Recorded data below:
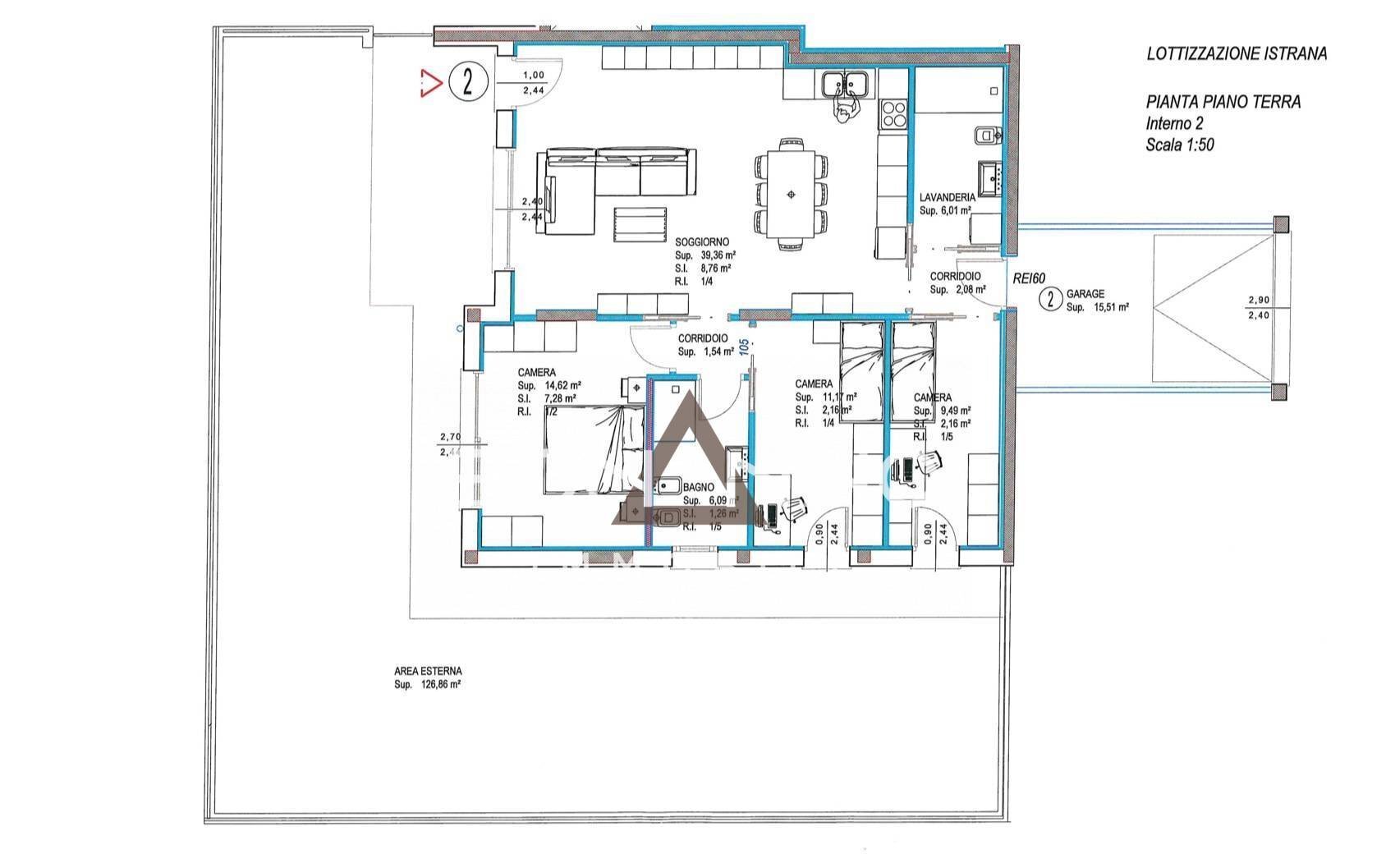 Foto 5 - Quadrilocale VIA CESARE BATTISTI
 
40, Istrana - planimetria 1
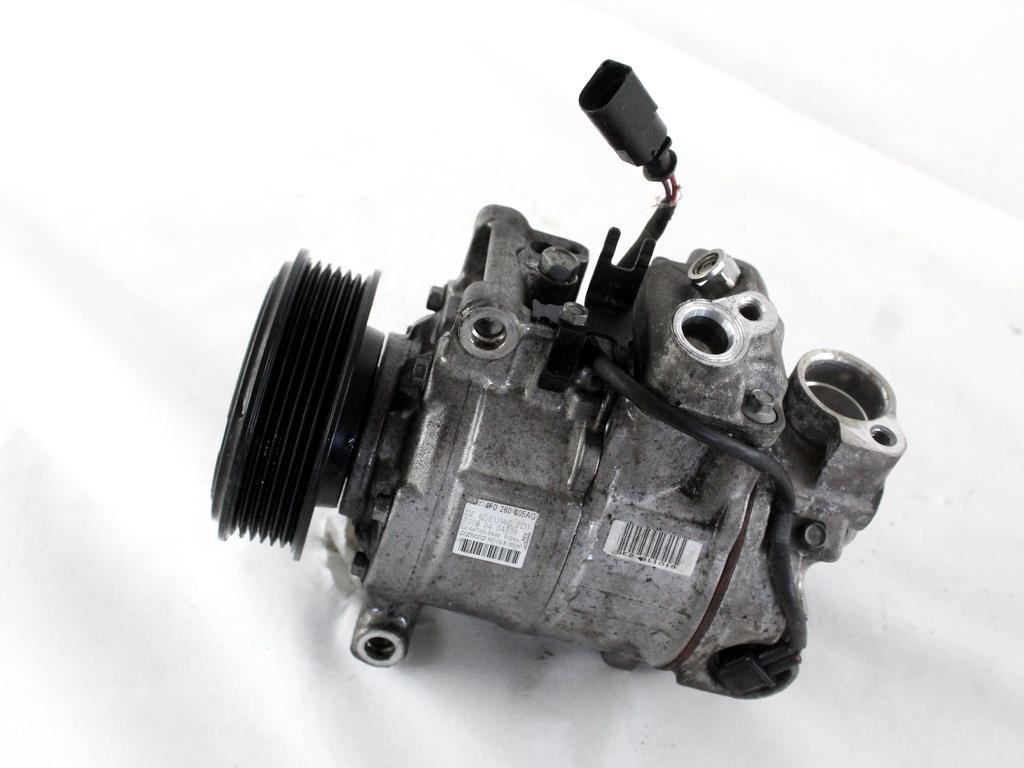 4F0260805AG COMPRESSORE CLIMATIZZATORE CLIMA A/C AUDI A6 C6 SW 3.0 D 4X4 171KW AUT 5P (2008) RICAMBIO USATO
End of Recorded data.
Every line of the listing should be copied precisely, with images omitted.

 Foto 5 - Quadrilocale VIA CESARE BATTISTI
 
40, Istrana - planimetria 1
 4F0260805AG COMPRESSORE CLIMATIZZATORE CLIMA A/C AUDI A6 C6 SW 3.0 D 4X4 171KW AUT 5P (2008) RICAMBIO USATO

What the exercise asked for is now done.